Numerical study of hybrid binary Al2O3-Cu-H2O nanofluid coating boundary layer flow from an exponentially stretching/shrinking perforated substrate with Cattaneo-Christov heat flux, heat source, suction and multiple slip effects

Abstract

Numerical study of hybrid binary Al2O3-Cu-H2O nanofluid coating boundary layer flow from an exponentially stretching/shrinking perforated substrate with Cattaneo-Christov heat flux, heat source, suction and multiple slip effects. ABSTRACT: Modern coating systems are increasingly deploying nanomaterials which offer improved thermal performance.
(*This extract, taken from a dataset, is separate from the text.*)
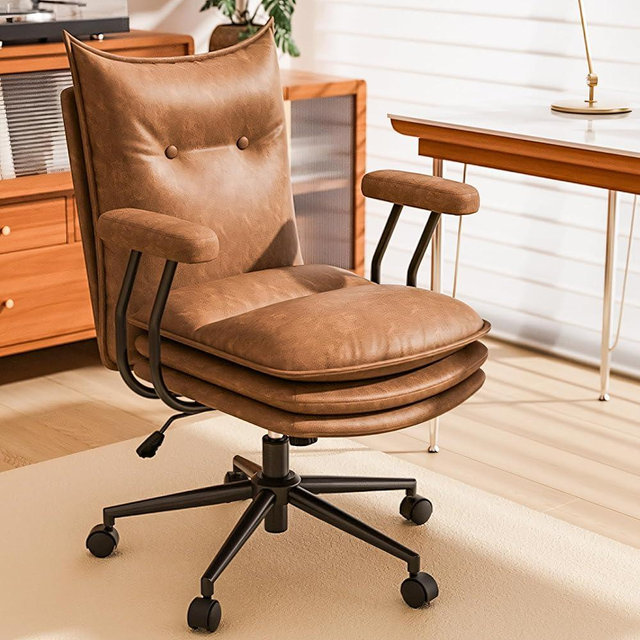 Sucrever Brown Leather Office Chair with Wheels, Triple-Layers Thicken Wide Seat Height Adjustable, Mid-Century Modern Comfy Desk Chair for Home, Office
The optimization of these systems can benefit from more elegant fluid dynamic models of the coating process. Inspired by these advancements, the present investigation introduces a novel mathematical model to analyze the boundary layer transport in Al2O3-Cu-H2O hybrid binary nanofluid coating deposition on an exponentially stretching porous substrate (sheet). Lateral mass flux (suction) at the wall is also considered as is heat source (generation) for hot spot manufacturing effects. To add further sophistication to the thermal conduction model, a non-Fourier approach is adopted which accurately incorporates thermal relaxation effects i. e. the Cattaneo-Christov heat flux (CCHF) model. The Tiwari-Das volume fraction nanoscale formulation is implemented for different combinations of Alumina (Al2O3) and Copper (Cu) metallic nanoparticles in an aqueous base fluid (H2O). Hydrodynamic wall and thermal slip are also included as they feature in coating processes. The fundamental equations governing mass, momentum, and energy conservation, along with the corresponding conditions at the wall (substrate) and free stream, are made dimensionless through suitable scaling similarity transformations. The resulting nonlinear coupled ordinary differential boundary value problem is subsequently addressed using the efficient MATLAB bvp4c routine. Special cases of the non-Fourier model are validated against published results, and the general model is further confirmed through validation using an Adams-Moulton 2-step predictor-corrector algorithm (AMPC).